Ancestry was assigned to a sample based on the result of the majority vote. Each sample was considered correctly assigned if the result of the majority vote was either the true ancestry of the sample or a population with a pair-wise Fst<0.001 with the true population.
Results
Evidence of structure among populations
We performed PCA on the 15 population sets, and plotted the PCs for all populations as shown in Figure 2. The first two PCs accounted for 25.2 and 12.9% of the variation in the data, as shown in Table 2. We used the proportion of variance explained, along with the TW statistic as shown in Table 2, to identify significant PCs.
Table 2. Significance of principal componentsa.
Principal component | % Variance explained | Tracy–Widom statistic | P-value |
---|---|---|---|
1 | 0.14 | 1333.1 | <1E−300 |
2 | 0.09 | 603.3 | <1E−300 |
3 | 0.07 | 294.9 | <1E−300 |
4 | 0.06 | 121.2 | <1E−300 |
5 | 0.05 | 100.9 | 1.40E−295 |
6 | 0.05 | 43.7 | 9.79E−86 |
7 | 0.05 | 10.9 | 3.20E−12 |
8 | 0.05 | 10.0 | 5.08E−11 |
9 | 0.05 | 10.2 | 3.24E−11 |
10 | 0.05 | 6.9 | 5.30E−07 |
The Tracy–Widom statistic is calculated using the smartpca software package.15
Proportion of variance explained by the top 10 principal components.

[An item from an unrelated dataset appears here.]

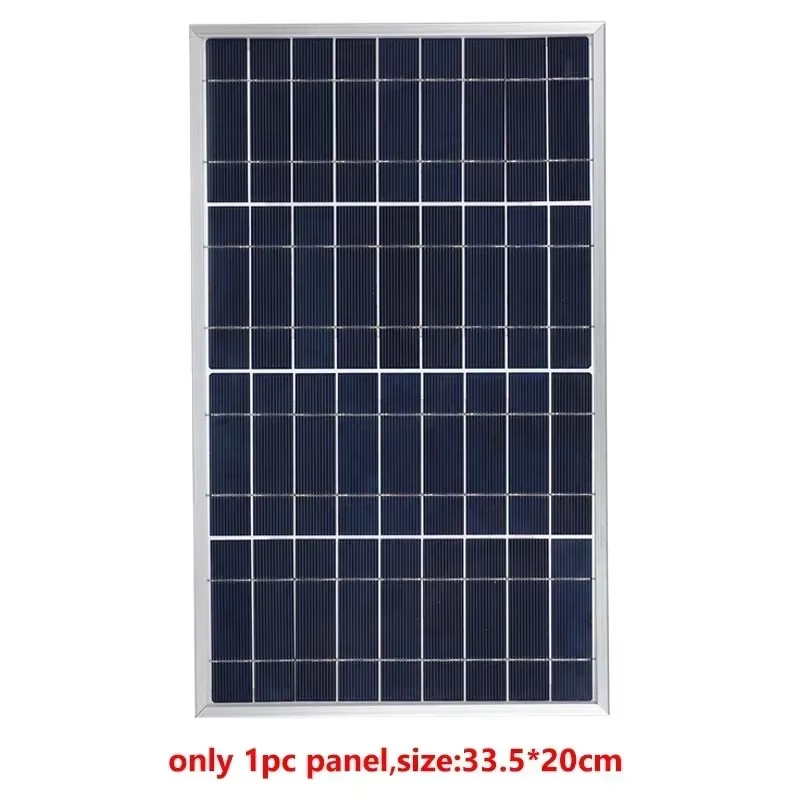 Outdoor Solar Panel 600W 12V Polycrystalline USB Power Portable Rechargeable Sol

We tested the geographic relevance of the PCs by calculating the correlation between PC magnitude and latitude and longitude, obtained using the geographic centre of each nation, shown in Supplementary Table 1. Canadian and USA samples were not included in this aspect of the study, owing to the difficulty of assigning meaningful geographic locations. We found that the two top PCs were correlated with perpendicular geographical axes (ρ=0.90 for PC1 versus latitude, ρ=0.59 for PC2 versus longitude). After rotation, PC1 aligns north-northwest/south-southeast (NNW/SSE, −11°, ρ=0.91). This is remarkably similar to the −16° angle cited by Novembre et al.4 We see no significant correlation between PC3 and PC4 and geographical axes. We tested for significance between PC locations and geographic centres, and found that this was significant for the first and second PCs (P<1e−300 for PC1, P=0.036 for PC2, using a Mantel test; P=0.001 for PC1, P=0.015 for PC2, using a Procrustes test).
Figure 2 presents the first three PCs of the data. Populations form three overlapping subclusters: Finland, central European and Southern or Mediterranean populations. Samples form tight subclusters along population lines, implying that even closely related neighbouring populations are genetically distinct.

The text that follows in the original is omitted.